Just as it did for countless others across the region, the 1998 Asian financial crisis left Mbah Gimbal bankrupt. Despite selling all his livestock assets he was unable to pay his debts, while his used car business was also unable to sustain him.
“At that time I was preparing to get married,” he said. “But it was called off because I went bankrupt. My prospective in-laws did not approve.”
It appeared to Mbah Gimbal that the only business that withstood the financial crisis and remained lucrative was the illegal firearms trade. Before his duck farming and used car businesses collapsed, he had already begun making inroads into the black market for weapons.
The son of a soldier, Mbah Gimbal was introduced to firearms when he joined the military service program in 1988. Back then, conscription was mandatory for the children of military personnel. During his training, Mbah Gimbal stood out as a sniper. Those same rifle skills later gained him membership in Perbakin, the national shooting association of Indonesia.

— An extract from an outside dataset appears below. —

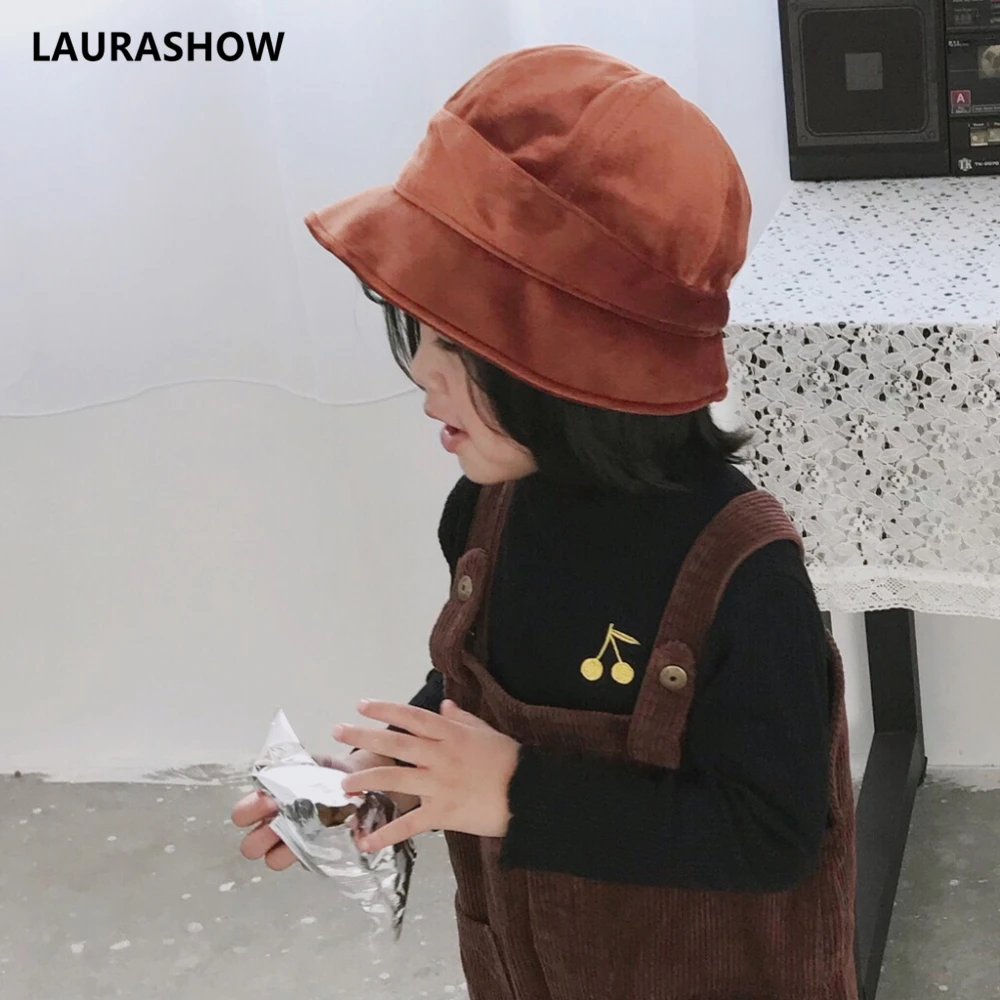 Lorashow/2 вида цветов Панама для девочек сезон весна-лето детская хлопковая шапка в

His fellow members in the association had impressive firearms collections, a mix of domestically produced and imported guns. Mbah Gimbal set out on his own buying and selling weapons illegally. He kept it secret from even his father.
From East Java, Mbah Gimbal’s gun running soon expanded to the islands of Sumatra and Borneo. In the latter, he caught the attention of a timber baron who requested his services as a bodyguard. But in 1999, Mbah Gimbal was arrested by police, having been on their radar too for several years.
After a year in jail, during which he vowed to leave the illegal firearms trade, he settled in Sampit, in the Bornean province of Central Kalimantan, as a place of refuge. There, he met a Sufi teacher who remains his spiritual guide to the present day. For a year, Mbah Gimbal underwent a process of spiritual cleansing, before his teacher instructed him to embark on a pilgrimage across Java, giving him not a penny but only this advice: “Ask for nothing, reject nothing, keep nothing.”
For seven years, Mbah Gimbal traversed a large part of the island on foot, meeting religious leaders and visiting the graves of those who had died. He began at the Great Mosque of Demak in Central Java, traveled to Cirebon in West Java, then along the southern coast to Banyuwangi in East Java, before returning to Demak. He walked this route three times.
“I learned that we have to be grateful for what we have, and that we shouldn’t mess around,” he said.
After completing his spiritual journey, Mbah Gimbal was invited to establish an Islamic boarding school in Jepara, Central Java. This venture only lasted a year, however, and in 2015 he migrated to Papua, in Indonesia’s far east.
He first tried his hand selling the popular meatball-and-noodles soup bakso in the city of Sorong. But the social inequality he witnessed there discomfited him. Things didn’t improve when he moved to a new location, where he witnessed many Indigenous Papuan children skipping school and sniffing glue. These conditions prompted him to establish a social association, Komunitas Peduli Papua (Papua Care Community, which goes by the portmanteau Kompipa).
Together with his wife and several like-minded associates, Mbah Gimbal opened a “nature school” and visited local villages to invite children to study. Kompipa manages donation opportunities for the school.
“Our initial target was how these 12-year-old Papuan children could achieve basic literacy and numeracy levels,” he said.
As soon as the nature school program was up and running, Mbah Gimbal’s focus shifted to the students’ parents through a “work with nature” program, with permaculture on the curriculum.
In the years since, hundreds of people have learned about permaculture from Mbah Gimbal, both at this permaculture farm and in their own villages. He continues to share natural ways of planting with permaculture patterns, helping the community meet its need for healthy food, while also preserving the environment.